WASHINGTON — NASA has added another asteroid flyby to its Lucy mission later this year that will provide a test of its capabilities for future encounters.
NASA announced Jan. 25 that the spacecraft will fly by the small main-belt asteroid 1999 VD57 on Nov. 1. The project selected that asteroid after one scientist collaborating on the mission, Raphael Marschall of France’s Nice Observatory, compared the spacecraft’s trajectory to the orbits of 500,000 asteroids.
Lucy’s current trajectory will take the spacecraft as close at 64,000 kilometers to the asteroid. The spacecraft will perform a series of maneuvers starting in May to adjust its trajectory so that it will instead pass 450 kilometers from the asteroid.
Hal Levison, principal investigator for Lucy at the Southwest Research Institute, said at a Jan. 25 meeting of NASA’s Small Bodies Assessment Group that the mission team has given 1999 VD57 the provisional name of Dinkinesh.
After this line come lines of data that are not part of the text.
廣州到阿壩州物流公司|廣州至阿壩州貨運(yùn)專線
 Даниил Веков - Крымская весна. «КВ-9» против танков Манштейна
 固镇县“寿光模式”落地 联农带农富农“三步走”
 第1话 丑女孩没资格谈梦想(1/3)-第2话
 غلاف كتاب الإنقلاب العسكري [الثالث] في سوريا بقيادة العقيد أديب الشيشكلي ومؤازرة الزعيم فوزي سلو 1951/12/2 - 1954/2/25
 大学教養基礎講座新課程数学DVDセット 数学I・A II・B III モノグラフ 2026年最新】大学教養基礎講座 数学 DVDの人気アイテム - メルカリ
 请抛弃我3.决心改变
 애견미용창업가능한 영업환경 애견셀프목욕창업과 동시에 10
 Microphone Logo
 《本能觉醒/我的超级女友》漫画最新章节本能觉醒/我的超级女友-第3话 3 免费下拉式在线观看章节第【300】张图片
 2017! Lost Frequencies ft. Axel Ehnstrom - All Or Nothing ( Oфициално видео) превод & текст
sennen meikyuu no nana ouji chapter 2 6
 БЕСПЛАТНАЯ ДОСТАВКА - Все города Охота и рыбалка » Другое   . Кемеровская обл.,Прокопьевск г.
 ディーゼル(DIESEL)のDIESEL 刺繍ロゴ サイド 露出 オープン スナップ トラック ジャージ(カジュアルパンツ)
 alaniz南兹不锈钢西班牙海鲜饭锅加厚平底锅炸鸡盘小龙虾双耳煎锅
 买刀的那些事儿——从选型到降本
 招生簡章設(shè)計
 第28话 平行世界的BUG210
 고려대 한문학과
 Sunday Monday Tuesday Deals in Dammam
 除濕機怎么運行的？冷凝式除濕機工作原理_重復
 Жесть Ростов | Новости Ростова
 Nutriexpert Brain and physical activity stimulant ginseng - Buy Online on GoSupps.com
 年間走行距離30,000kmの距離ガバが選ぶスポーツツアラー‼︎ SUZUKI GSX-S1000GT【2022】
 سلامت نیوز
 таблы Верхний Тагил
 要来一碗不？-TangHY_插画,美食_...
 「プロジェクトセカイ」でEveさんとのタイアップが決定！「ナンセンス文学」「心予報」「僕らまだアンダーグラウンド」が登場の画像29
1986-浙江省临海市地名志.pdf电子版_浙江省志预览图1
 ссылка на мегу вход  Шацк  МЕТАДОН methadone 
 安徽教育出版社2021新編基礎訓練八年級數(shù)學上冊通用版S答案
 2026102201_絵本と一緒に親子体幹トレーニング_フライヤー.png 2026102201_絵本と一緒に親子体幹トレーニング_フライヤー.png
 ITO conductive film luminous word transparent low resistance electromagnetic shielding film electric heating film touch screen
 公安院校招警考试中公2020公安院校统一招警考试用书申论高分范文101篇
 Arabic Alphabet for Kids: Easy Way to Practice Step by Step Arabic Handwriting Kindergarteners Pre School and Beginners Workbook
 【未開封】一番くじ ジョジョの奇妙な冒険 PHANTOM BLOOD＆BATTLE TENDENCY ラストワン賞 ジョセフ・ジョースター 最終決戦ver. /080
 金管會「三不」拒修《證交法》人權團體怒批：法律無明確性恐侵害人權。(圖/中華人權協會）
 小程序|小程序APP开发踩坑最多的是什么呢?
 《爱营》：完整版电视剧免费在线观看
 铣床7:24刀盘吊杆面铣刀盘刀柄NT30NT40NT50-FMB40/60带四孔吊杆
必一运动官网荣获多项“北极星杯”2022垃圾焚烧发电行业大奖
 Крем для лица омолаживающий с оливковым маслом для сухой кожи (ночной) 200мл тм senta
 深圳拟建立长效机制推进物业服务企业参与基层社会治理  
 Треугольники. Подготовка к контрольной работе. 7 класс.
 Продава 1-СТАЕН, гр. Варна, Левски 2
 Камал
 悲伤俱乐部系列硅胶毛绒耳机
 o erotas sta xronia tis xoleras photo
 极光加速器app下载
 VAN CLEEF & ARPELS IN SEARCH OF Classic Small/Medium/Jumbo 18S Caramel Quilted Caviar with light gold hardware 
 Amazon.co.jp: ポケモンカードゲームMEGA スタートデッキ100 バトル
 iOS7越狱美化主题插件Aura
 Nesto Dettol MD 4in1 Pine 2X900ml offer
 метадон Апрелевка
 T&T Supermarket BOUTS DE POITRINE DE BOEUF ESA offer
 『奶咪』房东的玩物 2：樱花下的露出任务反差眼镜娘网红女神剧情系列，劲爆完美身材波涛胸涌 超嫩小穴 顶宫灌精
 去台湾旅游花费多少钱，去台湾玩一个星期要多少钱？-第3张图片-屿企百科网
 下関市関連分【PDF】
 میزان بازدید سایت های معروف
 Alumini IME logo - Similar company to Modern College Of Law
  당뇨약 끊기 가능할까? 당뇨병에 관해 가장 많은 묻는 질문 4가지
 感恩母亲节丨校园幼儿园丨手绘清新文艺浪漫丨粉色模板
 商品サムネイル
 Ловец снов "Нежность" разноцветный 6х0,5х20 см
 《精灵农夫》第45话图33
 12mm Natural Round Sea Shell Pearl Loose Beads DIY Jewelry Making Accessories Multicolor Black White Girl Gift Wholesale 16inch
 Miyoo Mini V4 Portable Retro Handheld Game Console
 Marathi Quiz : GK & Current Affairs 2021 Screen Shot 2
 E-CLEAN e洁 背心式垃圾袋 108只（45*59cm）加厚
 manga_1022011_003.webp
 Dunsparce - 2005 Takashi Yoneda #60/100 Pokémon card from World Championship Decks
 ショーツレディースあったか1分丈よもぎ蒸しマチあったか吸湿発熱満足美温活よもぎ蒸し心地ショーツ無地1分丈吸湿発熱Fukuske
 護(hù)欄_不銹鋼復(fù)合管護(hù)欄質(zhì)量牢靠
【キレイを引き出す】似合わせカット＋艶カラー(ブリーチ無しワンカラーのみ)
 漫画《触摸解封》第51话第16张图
That is the Ethiopian name for the Lucy fossil after which the NASA mission is named. The name is pending formal approval by the International Astronomical Union.
Dinkinesh is a S-type asteroid, he said, with a diameter of no more than 800 meters and comparable in size to Bennu, the near Earth asteroid visited by NASA’s OSIRIS-REx mission. It would be the smallest main-belt asteroid that a spacecraft has flown by.
While the flyby will collect images and other data about the asteroid, that is not the primary reason for the close approach. “This is a risk mitigation exercise,” Levison said, focusing on the “terminal tracking system” the spacecraft will use to lock on to the asteroid as it approaches, maximizing the data its instruments collect.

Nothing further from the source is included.